Chapter 11: Query Optimization

“The optimizer’s job is to find a needle in a haystack of possible plans—then realize it should be looking for a different needle.”

A single query can be executed in thousands of different ways. The optimizer’s job is to find a good one—ideally the best, but at least not terrible. This is one of the most complex components in any database system.

11.1 Why Optimization Matters

Consider a simple join:

SELECT * FROM orders o
JOIN customers c ON o.customer_id = c.id
WHERE c.country = 'USA';

Plan A: Scan orders first

For each of 10,000,000 orders:
    Look up customer
    Check if country = 'USA'
Cost: ~10,000,000 index lookups

Plan B: Filter customers first

Find customers where country = 'USA' (100,000 customers)
For each, find their orders via index
Cost: ~100,000 index lookups + filtered scan

Plan B is 100x faster.
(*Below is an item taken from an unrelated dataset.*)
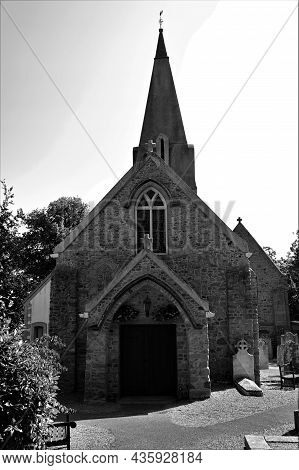 An Exterior View Of The Stone Church Building In The Town Of Grouville On The Island Of Jersey.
The optimizer’s job is to find it.

11.2 The Optimization Process

                    QUERY OPTIMIZATION PHASES

    ┌─────────────────────────────────────────────────────────────┐
    │ 1. GENERATE CANDIDATE PLANS                                  │
    │    - Different join orders                                   │
    │    - Different access methods (seq scan, index scan)        │
    │    - Different join methods (nested loop, hash, merge)      │
    └─────────────────────────────────────────────────────────────┘
                               │
                               ▼
    ┌─────────────────────────────────────────────────────────────┐
    │ 2. ESTIMATE COSTS                                            │
    │    - Use statistics about data                               │
    │    - Model I/O, CPU, memory costs                           │
    │    - Estimate result sizes (cardinality)                    │
    └─────────────────────────────────────────────────────────────┘
                               │
                               ▼
    ┌─────────────────────────────────────────────────────────────┐
    │ 3. SELECT BEST PLAN                                          │
    │    - Compare total costs                                     │
    │    - Return cheapest plan                                    │
    └─────────────────────────────────────────────────────────────┘

11.3 The Plan Space Explosion

For a query joining N tables, there are:

N! different join orders
Multiple access methods per table
Multiple join algorithms per join

    3 tables: 3! = 6 join orders
    5 tables: 5! = 120 join orders
    10 tables: 10! = 3,628,800 join orders

    Plus access methods and join types!

Exhaustive search is impossible for large queries. Optimizers use heuristics and dynamic programming.

11.4 Cost Estimation

The Cost Model

Optimizers estimate cost based on:

    Total Cost = CPU Cost + I/O Cost + Memory Cost

    I/O Cost:
    - Sequential page reads (cheap)
    - Random page reads (expensive)
    - Index accesses

    CPU Cost:
    - Tuple processing
    - Expression evaluation
    - Sorting overhead

    Memory Cost:
    - Hash table building
    - Sort buffers

Cost Parameters (PostgreSQL)

-- View current cost parameters
SHOW seq_page_cost;        -- 1.0 (baseline)
SHOW random_page_cost;     -- 4.0 (4x sequential)
SHOW cpu_tuple_cost;       -- 0.01
SHOW cpu_index_tuple_cost; -- 0.005
SHOW cpu_operator_cost;    -- 0.0025

-- Adjust for SSDs (random I/O is faster)
SET random_page_cost = 1.1;

Example Cost Calculation

    Seq Scan on users (10,000 rows, 100 pages):
    Cost = (100 pages × seq_page_cost) + (10,000 rows × cpu_tuple_cost)
    Cost = (100 × 1.0) + (10,000 × 0.01) = 200

    Index Scan (estimate 100 rows, 100 index + heap accesses):
    Cost = (100 × random_page_cost) + (100 × cpu_index_tuple_cost)
    Cost = (100 × 4.0) + (100 × 0.005) = 400.5

    Sequential scan wins! (Until we add WHERE clause selectivity)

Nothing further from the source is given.